When I look at my son, I see a lot of myself in him. And for the most part, that fills me with an immense sense of pride. He’s got my eyes. He’s shy around strangers, but is a serious show-man/entertainer around the people he trusts. He’s gentle and a bit passive. He’s super smart and retains everything. He’s an observer. I love that he has inherited these parts of me. These are things I didn’t necessarily teach him, they are just an inevitable part of his DNA, of who he is.
But ever since he was a baby, I have been hyper-aware of not wanting to pass my own insecurities, my own weaknesses, my own limitations, onto my son.

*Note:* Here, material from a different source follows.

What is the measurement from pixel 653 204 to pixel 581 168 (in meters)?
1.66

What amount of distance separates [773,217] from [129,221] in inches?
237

Building his self-esteem and self-confidence has been a mission of mine, mainly because these are things that I struggled with as a young girl and continue to battle as a grown woman.
I can’t believe I am publicly admitting this, but I never learned how to ride a bike.
I never participated in sports. I was so afraid to fail that I never bothered trying. Looking back, I am not sure why my parents didn’t motivate me more, why they didn’t provide me with the encouragement that I desperately needed to break out of my restrictive shell. Perhaps they sensed my apprehension and didn’t want to push. Perhaps it was their way of protecting me. Although they did the best they could, their approach ended up having a significant impact on my self-esteem; “I can’t do it” became my mantra as a child and to this day, I continue to have to make a deliberate effort to ignore that negative, self-deprecating voice inside my head.
I want to teach my son to resist the urge to give up and highlight the importance of perseverance. I want him to understand that perfection is an illusion and in order for him to grow and thrive and learn, he’ll have to make mistakes. I want him to know that he is good enough, that he is worthy, that he can do anything he wants to do.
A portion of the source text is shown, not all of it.